New Zealand’s Seascapes
The iconic Hauraki Gulf is New Zealand’s most-utilized body of water—and its most compromised, due to decades of overuse.
In New Zealand, intensifying and expanding aquaculture and the potential for marine mining of iron ore and other minerals from the ocean floor present an economic opportunity, but are creating deep divisions between these industries and concerned groups, from local NGOs to commercial and recreational fisheries.
Meanwhile, the loss of shellfish reefs in coastal water bodies such as the Hauraki Gulf and other critical nearshore habitats has resulted in degraded water and fewer fish.
The Nature Conservancy will help New Zealand better protect its freshwater and marine resources.
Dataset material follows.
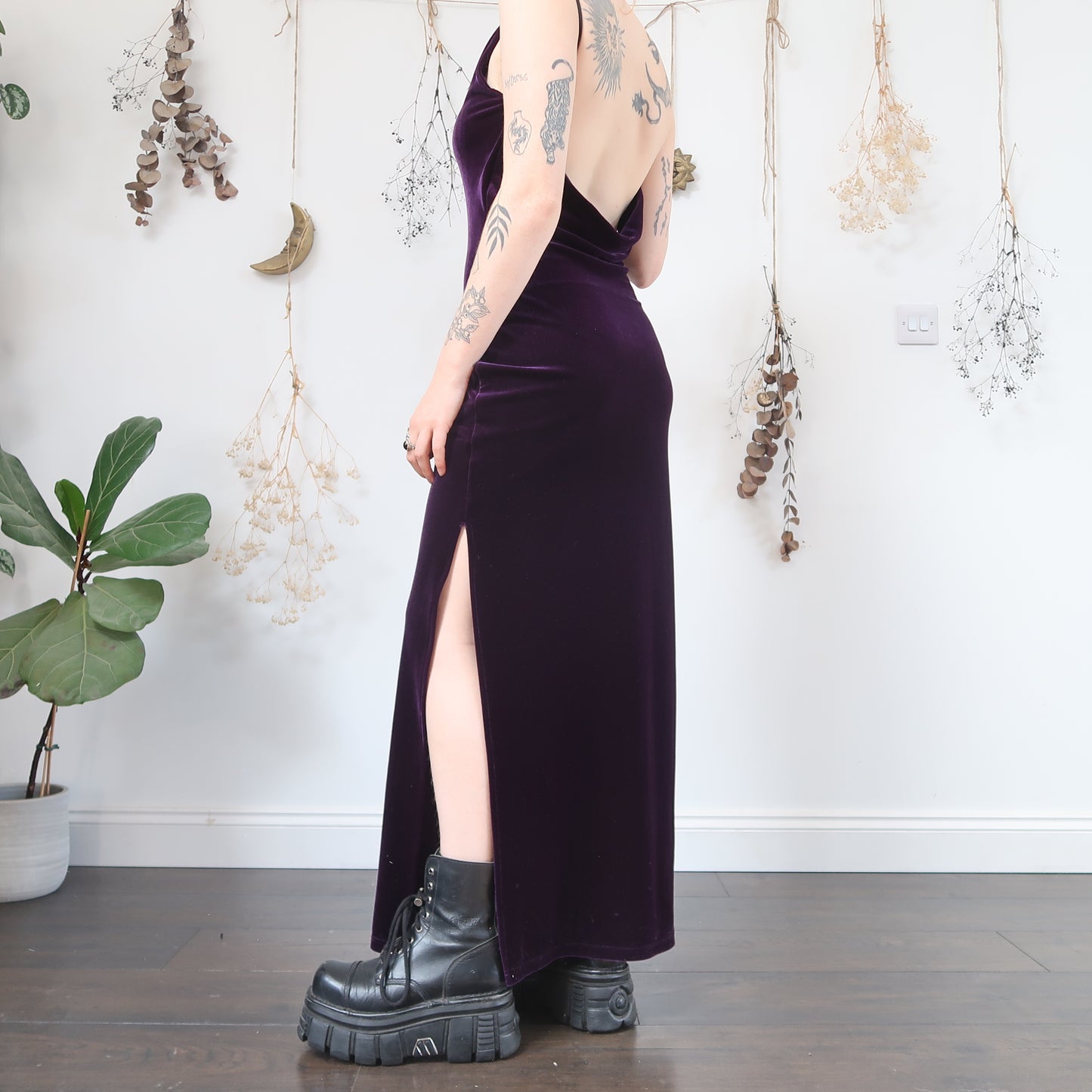 Purple velvet dress - size S/M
Here, we’ll show how supply chain reform and impact investments that deliver both conservation results and financial returns for investors can reduce freshwater pollution and provide cleaner water for nature and people. With local partners, we will help restore oyster reefs and strengthen the sustainability of regional fisheries on which New Zealand and its neighbors depend.
The iconic Hauraki Gulf is New Zealand’s most-utilized body of water—and its most compromised, due to decades of overuse. Bordering metropolitan Auckland (New Zealand’s largest city), the Gulf was once home to abundant green-lipped mussels, horse mussels, cockles, pipi, tuatua and other shellfish. These native species formed expansive beds and reefs that played vital ecological roles, such as filtering seawater of sediments and contaminants, providing fish nurseries, stabilizing the seabed, and greatly enhancing the Gulf’s biodiversity.
The previous extent of this ecosystem is now hard to comprehend: Today, Hauraki Gulf’s shellfish beds are now degraded or lost entirely. Overharvesting of shellfish, combined with decades of sediment runoff, trawler fishing and extensive dredging has removed native species that once the Gulf’s waters.
Fortunately, there is a growing groundswell of support to repair the damage. Hauraki Gulf is the site of the nation’s first marine spatial plan, released in 2016, which outlines strategies to restore biodiversity while supporting key industries such as fishing, shipping, aquaculture and tourism.
Multiple individuals, organizations and agencies—including the Department of Conservation, local Iwi leadership, Revive Our Gulf, the University of Auckland, the Hauraki Gulf Forum, and the Auckland Council—are now working to implement recommendations from the spatial plan. But to date, such efforts have been under-resourced.
In one of our newest country programs, The Nature Conservancy in New Zealand aims to invigorate this work and provide solutions that can be applied to marine environments throughout the country. Over the past year, we have facilitated a number of learning exchanges in New Zealand with restoration practitioners in Australia and the United States, where TNC shellfish restoration projects are well-established.
Working with others over the next three years, we will restore 20 hectares of living shellfish reef, beginning with green-lipped mussels, that will serve as the gold standard for New Zealand marine habitat restoration. TNC will also help establish citizen science programs that engage significant numbers of volunteers—including recreational fishers, youth groups and local communities—to participate in conservation and restoration. And we will engage iwi communities (a Māori tribe, the largest of the groups that form Māori society) in planning, implementation and assessment of these shellfish restoration efforts.